* Task requirements *
Go line by line through the data below and work out how many lines contain "Backpack"; the answer is that number alone.

* Records for this task *
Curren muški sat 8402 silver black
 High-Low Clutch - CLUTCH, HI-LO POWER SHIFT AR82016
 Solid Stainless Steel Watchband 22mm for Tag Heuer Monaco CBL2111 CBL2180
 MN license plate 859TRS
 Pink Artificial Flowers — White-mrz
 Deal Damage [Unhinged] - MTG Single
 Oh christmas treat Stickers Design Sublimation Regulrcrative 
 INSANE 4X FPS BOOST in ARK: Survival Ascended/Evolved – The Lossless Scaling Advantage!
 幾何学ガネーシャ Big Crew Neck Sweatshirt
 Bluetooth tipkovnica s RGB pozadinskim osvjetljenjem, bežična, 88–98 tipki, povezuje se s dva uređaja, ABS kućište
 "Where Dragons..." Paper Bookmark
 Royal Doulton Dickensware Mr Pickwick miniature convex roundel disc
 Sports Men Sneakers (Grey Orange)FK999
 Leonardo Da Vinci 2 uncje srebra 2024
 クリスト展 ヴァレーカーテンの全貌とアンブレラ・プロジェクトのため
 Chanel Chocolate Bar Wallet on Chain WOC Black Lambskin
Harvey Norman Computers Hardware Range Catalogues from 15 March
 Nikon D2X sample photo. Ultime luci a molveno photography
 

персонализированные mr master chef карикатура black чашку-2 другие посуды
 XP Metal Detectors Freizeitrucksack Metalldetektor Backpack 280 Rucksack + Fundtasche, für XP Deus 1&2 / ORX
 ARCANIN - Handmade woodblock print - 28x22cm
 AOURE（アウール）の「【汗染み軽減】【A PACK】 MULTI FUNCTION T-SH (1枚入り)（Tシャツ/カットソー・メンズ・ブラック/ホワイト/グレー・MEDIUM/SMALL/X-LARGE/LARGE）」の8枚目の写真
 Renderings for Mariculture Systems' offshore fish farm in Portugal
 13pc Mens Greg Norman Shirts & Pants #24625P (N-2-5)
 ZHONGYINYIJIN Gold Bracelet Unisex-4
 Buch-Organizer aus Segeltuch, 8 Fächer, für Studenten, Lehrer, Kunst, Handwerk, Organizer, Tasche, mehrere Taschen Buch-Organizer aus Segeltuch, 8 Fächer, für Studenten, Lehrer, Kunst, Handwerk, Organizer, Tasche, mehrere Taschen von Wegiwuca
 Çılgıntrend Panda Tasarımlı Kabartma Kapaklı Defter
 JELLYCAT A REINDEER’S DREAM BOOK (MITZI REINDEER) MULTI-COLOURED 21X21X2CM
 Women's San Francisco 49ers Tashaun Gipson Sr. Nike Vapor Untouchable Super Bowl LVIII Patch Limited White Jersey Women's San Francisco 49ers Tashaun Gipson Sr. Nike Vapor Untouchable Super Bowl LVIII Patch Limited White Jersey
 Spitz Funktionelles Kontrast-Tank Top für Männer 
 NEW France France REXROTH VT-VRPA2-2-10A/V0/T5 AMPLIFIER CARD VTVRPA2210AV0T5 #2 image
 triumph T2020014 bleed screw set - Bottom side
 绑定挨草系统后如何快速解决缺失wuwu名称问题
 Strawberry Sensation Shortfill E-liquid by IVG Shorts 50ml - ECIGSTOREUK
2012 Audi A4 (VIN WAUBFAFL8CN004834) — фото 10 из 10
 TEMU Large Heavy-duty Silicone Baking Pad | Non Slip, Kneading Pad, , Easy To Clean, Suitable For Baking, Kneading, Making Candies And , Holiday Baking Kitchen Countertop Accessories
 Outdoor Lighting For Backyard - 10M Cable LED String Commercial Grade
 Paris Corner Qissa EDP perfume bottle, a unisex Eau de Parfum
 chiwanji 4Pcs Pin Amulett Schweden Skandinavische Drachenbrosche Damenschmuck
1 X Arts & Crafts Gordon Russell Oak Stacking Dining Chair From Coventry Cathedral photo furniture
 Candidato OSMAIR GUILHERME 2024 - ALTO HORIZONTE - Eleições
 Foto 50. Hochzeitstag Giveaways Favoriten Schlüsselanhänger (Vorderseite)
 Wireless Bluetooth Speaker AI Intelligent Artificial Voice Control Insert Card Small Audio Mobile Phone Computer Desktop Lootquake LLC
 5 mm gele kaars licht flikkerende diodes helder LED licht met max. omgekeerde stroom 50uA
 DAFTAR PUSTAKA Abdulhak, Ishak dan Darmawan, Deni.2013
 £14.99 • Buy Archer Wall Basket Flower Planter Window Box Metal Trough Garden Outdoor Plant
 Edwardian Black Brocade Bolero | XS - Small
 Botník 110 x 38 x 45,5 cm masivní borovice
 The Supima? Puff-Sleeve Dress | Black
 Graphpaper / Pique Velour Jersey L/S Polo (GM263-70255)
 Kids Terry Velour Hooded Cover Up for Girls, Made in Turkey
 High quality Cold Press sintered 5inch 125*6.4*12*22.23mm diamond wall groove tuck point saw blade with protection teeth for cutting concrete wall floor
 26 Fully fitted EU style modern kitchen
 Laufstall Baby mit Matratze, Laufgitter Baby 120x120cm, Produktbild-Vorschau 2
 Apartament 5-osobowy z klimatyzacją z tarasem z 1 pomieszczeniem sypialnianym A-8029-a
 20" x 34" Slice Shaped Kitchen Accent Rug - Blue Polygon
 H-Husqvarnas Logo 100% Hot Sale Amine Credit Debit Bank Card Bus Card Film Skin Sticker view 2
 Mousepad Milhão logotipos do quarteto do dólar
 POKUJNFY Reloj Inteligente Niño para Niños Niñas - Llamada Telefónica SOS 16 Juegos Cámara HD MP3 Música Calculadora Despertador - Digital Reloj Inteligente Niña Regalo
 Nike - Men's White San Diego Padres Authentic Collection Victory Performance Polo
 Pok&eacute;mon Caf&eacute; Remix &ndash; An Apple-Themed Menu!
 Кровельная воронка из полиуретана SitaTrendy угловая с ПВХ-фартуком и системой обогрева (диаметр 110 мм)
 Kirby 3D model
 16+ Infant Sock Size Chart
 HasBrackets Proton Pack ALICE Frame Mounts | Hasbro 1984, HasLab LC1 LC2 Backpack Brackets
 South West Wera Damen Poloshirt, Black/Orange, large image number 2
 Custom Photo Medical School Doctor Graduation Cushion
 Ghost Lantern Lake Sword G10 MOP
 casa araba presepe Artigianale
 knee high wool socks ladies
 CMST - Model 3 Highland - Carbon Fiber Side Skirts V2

* Output of the task *
2